Practical Political Prose




Reflecting upon my career, my memoir writing experience, and what lies before me, I have resolved to dedicate my remaining days to helping others. For example.


If one of my dear bureaucrat friends ever decides to write a satirical memoir about life in government and politics, I am going to corner him at his book launch party and present him with a Lifetime Achievement Award for Creative Non-Fiction-like Writing - and then, immediately after that, I will overpower him and force some-kind-of-gold-watch retirement gift into his hands.

This will give him a moment of beauty, joy and happiness - something exquisite - just before his writing career is put to an end.

My two-pronged process would spare my friend all the suffering, pain and ruthless indignity that flows from reading cruelly contradictory book reviews. 

The kind of reviews that either

1)    bemoan any elements of slapstick and obvious humour while suggesting the work is not very funny 

 - or –

2)    methodically analyze the satire with slow, grotesque praise so monstrous that the embarrassed author begs to die and former friends turn their heads away.

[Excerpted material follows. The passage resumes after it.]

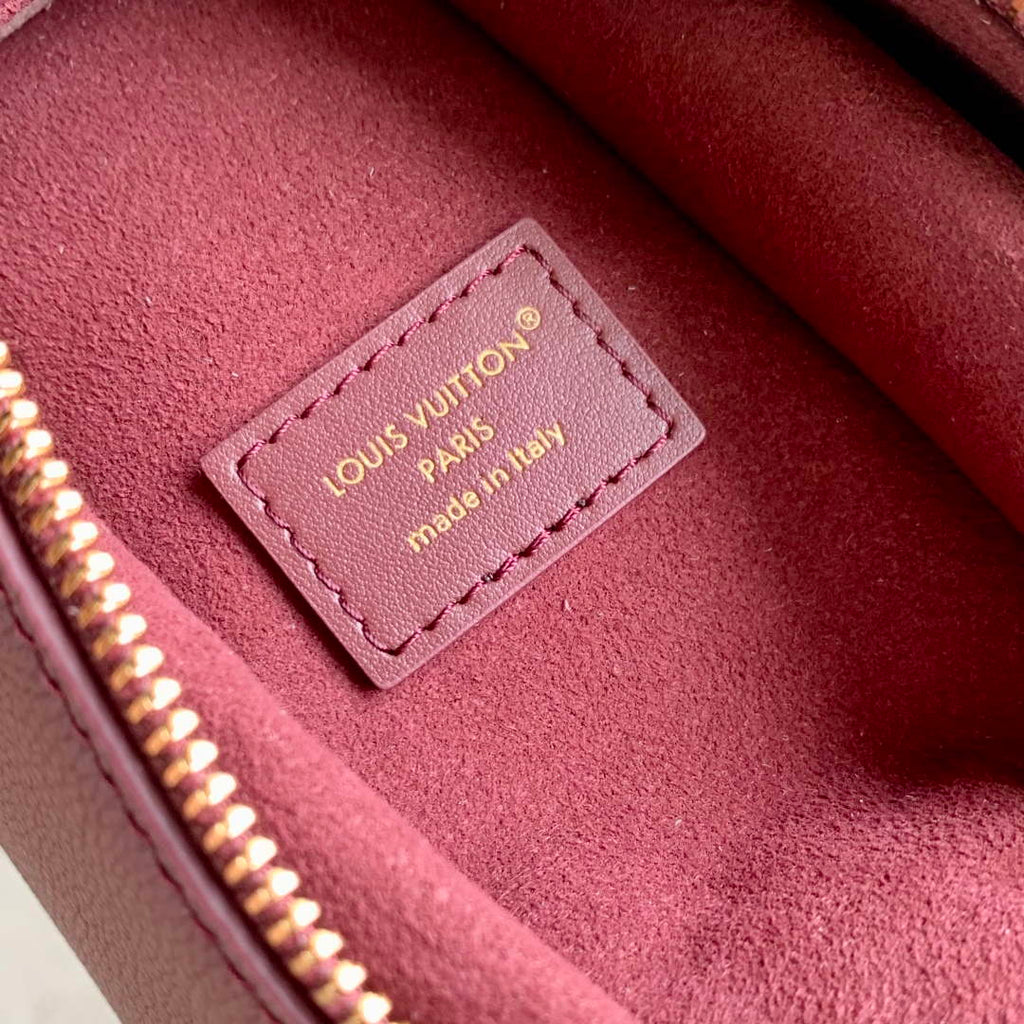 LV M25669 Louis Vuitton Side Trunk MM Bag Wine Red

By retiring with Lifetime Achievement laurels, my friend will also be protected from the scourge of caring about literary award competitions: the no-win affairs that either crush a writer’s spirit with high-profile defeat or create an ever-widening pool of jealous rivals ready to attack subsequent works as “not up to usual standards.”

Or maybe I won’t wait for the book launch and just strangle him with cutting wire when he starts typing.